Derek Strauss says DW2.0 is architecture for the next generation of data warehousing.
Data Warehousing has been around for almost two decades and has become an essential part of the information technology infrastructure. A data warehouse contains integrated granular historical data. First generation warehouses have addressed many information requirements. However, several challenges are facing these warehouses today. For first generation data warehouses, deriving value meant integrating numeric based, transaction data. Today, deriving maximum value from corporate data means taking all corporate data and deriving value from it. This includes textual, unstructured data as well as numeric, transaction data.
In the 1990s, the cost of data warehousing was almost a non issue. In today's world, the cost of data warehousing is a burning issue, and with volumes of data increasing exponentially, better data management solutions are vital to cost containment. Metadata, master data and data quality were neglected in early warehouses. Today, data quality, the business meaning of the data, business rules related to the data, the cohesive management of enterprise master data (customer data) and reference data are all critical to the data warehouse.

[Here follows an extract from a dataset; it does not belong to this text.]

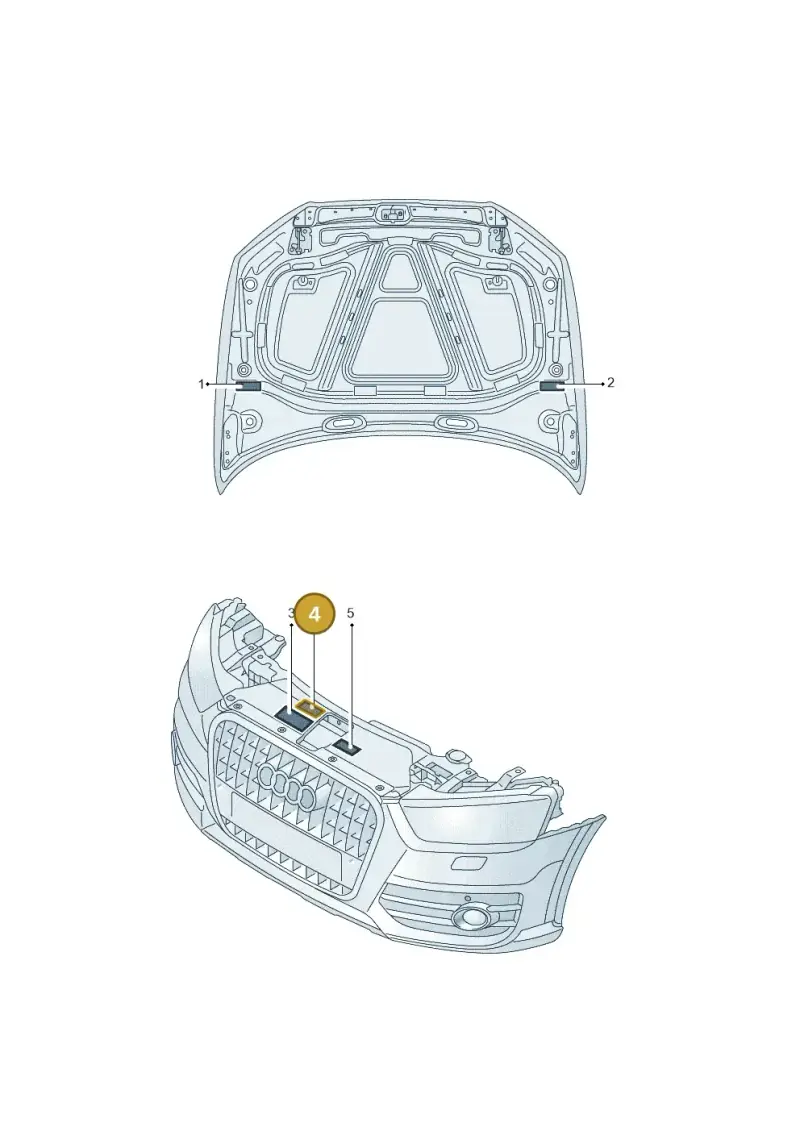 8K0010520F — Audi RS3 Limousine (2017-2020) diagram 778010100, position 4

In today's world, data warehouses are recognised as being the foundation for competitive use of information - and not simply from a strategic decision support perspective, but also as a key component in operating the business. The rate of change in the business environment has consistently increased year-on-year. Today, it is recognised that the data warehouse needs to be malleable so that it can keep up with changing business requirements.

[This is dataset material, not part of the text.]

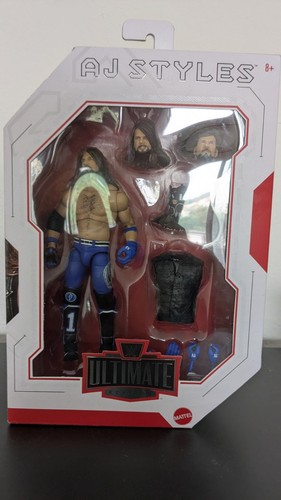 Mattel wwe styles - mattel, ultimate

DW2.0 – addressing the challenges
DW2.0 recognises the data lifecycle. Once data enters the data warehouse it starts to age and in time the probability of access diminishes. This has profound implications on the technology that is appropriate to the management of the data. Another notable phenomenon is that as data ages, the volume of data increases (in most cases, dramatically). DW2.0 highlights the special design considerations for handling large volumes of data with a decreasing probability of access.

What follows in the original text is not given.